SCHEMA DEI PRIMI DUE INCONTRI:

1. LA TEOLOGIA LAICA
2. LA TEOLOGIA COME STORIA, LE FONTI DELLA TEOLOGIA

1. LA TEOLOGIA: DI COSA PARLIAMO QUANDO PARLIAMO DI TEOLOGIA LAICA?

Tutti sanno che la teologia è una disciplina presuntuosa: pretende di fare affermazioni su Dio! Se il teologo è serio, prima di spiegare agli uomini chi sia Dio, si pone altre domande: Dio può essere conosciuto dall’uomo? C’è bisogno di un “primo passo” da parte della divinità, quella che chiamiamo rivelazione, o l’uomo può essere capace di arrivare a Dio con le sue forze?
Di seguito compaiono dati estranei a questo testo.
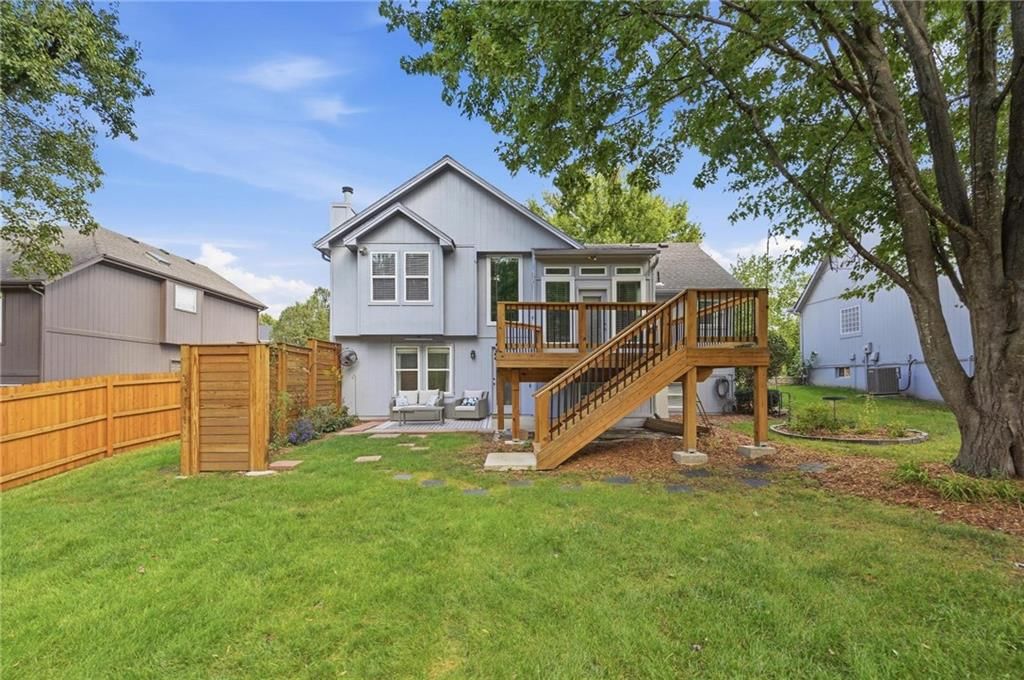 1154 SW SANTA FE Drive — photo 47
Una teologia laica può porsi la stessa domanda più o meno nei termini nei quali se la pone Karl Rahner nei suoi primi libri, scritti alla fine degli anni ’30 e ripubblicati, rivisti da Metz, negli anni ’60, Spirito nel Mondo e Uditori della Parola: come dovrebbe essere l’uomo per ascoltare una Parola eventualmente proferita da Dio?
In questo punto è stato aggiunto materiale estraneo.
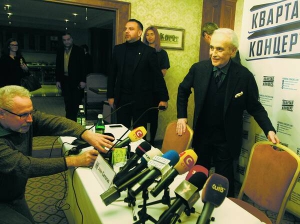 Іспанський тенор Хосе Каррерас (праворуч) під час прес-конференції в київському ­готелі ”Феірмонт”. Перед концертом у столичному Палаці ”Україна” співак відвідав хворих на лейкемію в дитячій клініці ”­Охматдит”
Certo, la risposta a questa domanda dovrebbe essere più facile rispetto alla domanda classica che si pone la teologia: chi è Dio? E’ una risposta più facile perché l’uomo dovrebbe essere l’oggetto di conoscenza più vicino all’uomo stesso che si pone la domanda. Tuttavia la stessa opera dei teologici che con Rahner sono stati protagonisti della cosiddetta svolta antropologica e i millenni trascorsi da quando l’uomo ha cominciato a porsi domande su se stesso inducono a procedere con cautela. Sappiamo ancora troppo poco sull’uomo per utilizzarlo come campo base per la scalata alla conoscenza di Dio! Tuttavia è indubbio che, per rimanere nel campo alpinistico, se vogliamo scegliere un versante da scalare e non abbiamo la presunzione neanche di conoscere a fondo l’uomo, dobbiamo scegliere necessariamente un versante a noi più congeniale: questo versante è quello che parte dall’esperienza che l’uomo ha di Dio. Per ora l’abbiamo messa giù così, ma proverò ad arrivare a questo punto di partenza con un discorso un po’ più complesso.
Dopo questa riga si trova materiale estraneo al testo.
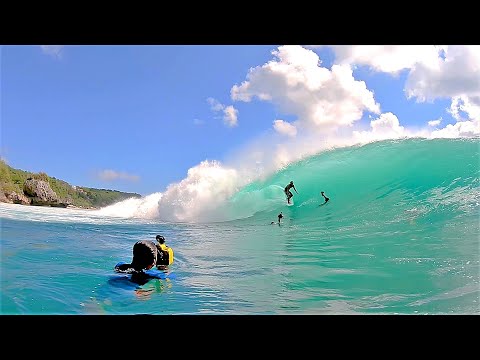 The Circus Comes To Town - Padang Padang - Surfing Bali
Proviamo a mettere in campo subito un’altra ipotesi di lavoro: la teologia è la domanda che si pone su Dio l’uomo che postula l’esistenza di Dio e che ne ha avuto una qualche esperienza. Lo dico sinceramente: pur avendo una grande ammirazione di Karl Rahner, non mi è mai piaciuto questo suo voler sottolineare, sia pure come metodo di ricerca, l’eventualità che Dio abbia parlato. Esistono tanti modi di studiare il fenomeno religioso: quello storico, quello antropologico, quello psicologico, quello materialista di tipo riduzionistico…tutti metodi che non considerano la genuinità delle religioni, anzi, tendono a spiegarle riducendole, appunto, a qualcosa che le produce e che certo non è la divinità. Ad esempio per il marxista ortodosso la religione era una sovrastruttura necessitata dalla struttura economica, per altri sarà una proiezione di pulsioni primordiali, per altri sarà un’illusione dettata dalla paura della morte… Tutte questi approcci sono naturalmente più che legittimi, ma partono, se in buona fede, da un atteggiamento scientifico di neutralità dinanzi al fenomeno religioso. Semmai il sociologo, lo psicologo, lo storico fossero uomini religiosi dovrebbero mettere tra parentesi la propria fede ed occuparsi in maniera asettica dell’oggetto della loro indagine.

La domanda che si pone il teologo parte da un altro presupposto, esattamente quello dell’esistenza di Dio. Per partire da questa affermazione, l’esistenza di Dio, e cominciare ad interrogarsi su tale esistenza, il teologo non può prescindere da un’esperienza personale di Dio stesso. In fondo uno dei primi teologi è stato Mosè, il quale partendo dall’esperienza del roveto ardente pone a Dio la domanda delle domande:

Mosè disse a Dio: «Ecco io arrivo dagli Israeliti e dico loro: Il Dio dei vostri padri mi ha mandato a voi. Ma mi diranno: Come si chiama? E io che cosa risponderò loro?» (ES, 3,13).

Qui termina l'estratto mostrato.